▶ **Problem to solve**
Below are some records. Print exactly the lines between the one holding "AIR JORDAN 12" and the one holding "Norvielle Damen Boho Spitzenkleid Sommer", inclusive, and nothing else.

▶ **The data**
------------------------------------
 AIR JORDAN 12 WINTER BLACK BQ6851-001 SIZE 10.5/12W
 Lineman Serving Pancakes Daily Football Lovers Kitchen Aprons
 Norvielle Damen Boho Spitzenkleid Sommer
------------------------------------
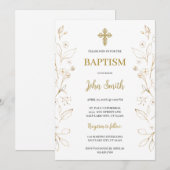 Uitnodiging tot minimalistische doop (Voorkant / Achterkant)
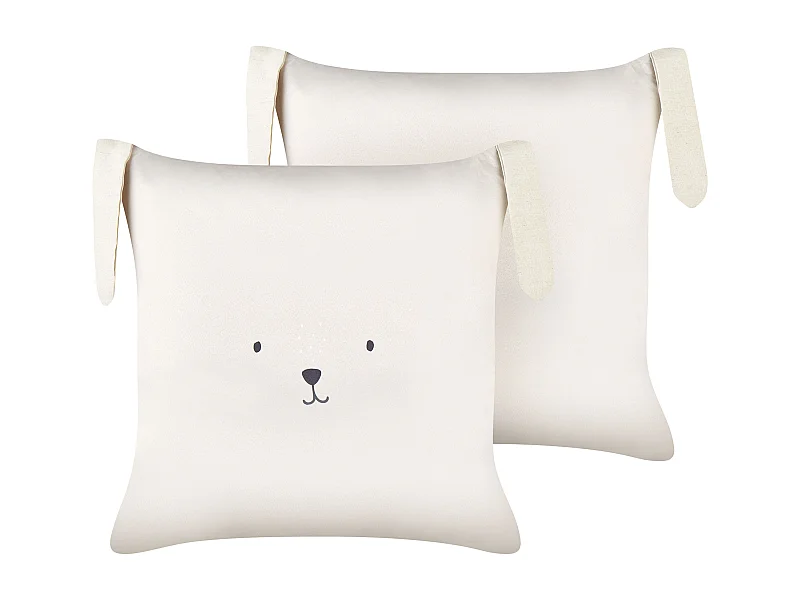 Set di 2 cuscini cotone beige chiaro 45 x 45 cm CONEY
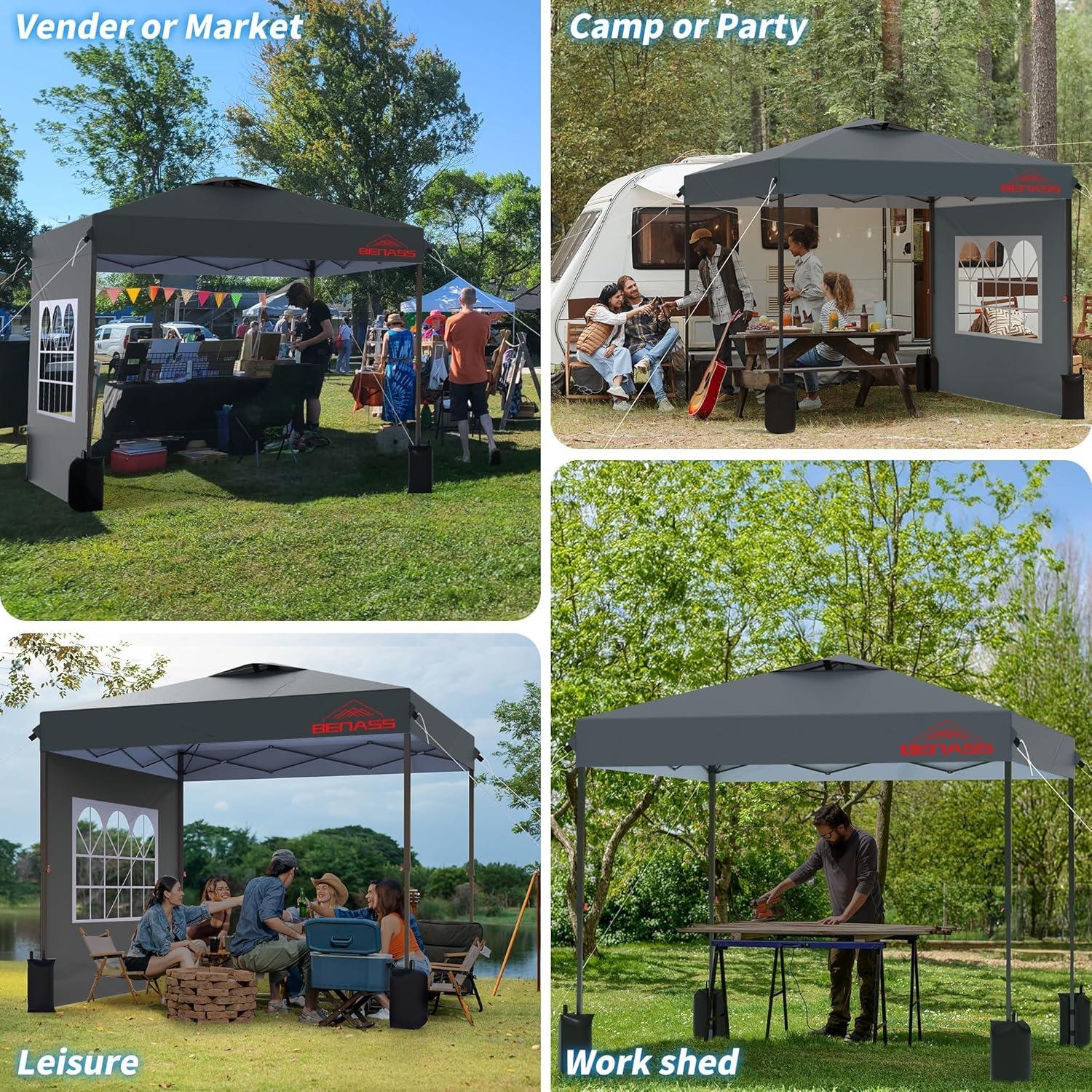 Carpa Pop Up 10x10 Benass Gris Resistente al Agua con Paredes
------------------------------------
▶ **Answer below**
 AIR JORDAN 12 WINTER BLACK BQ6851-001 SIZE 10.5/12W
 Lineman Serving Pancakes Daily Football Lovers Kitchen Aprons
 Norvielle Damen Boho Spitzenkleid Sommer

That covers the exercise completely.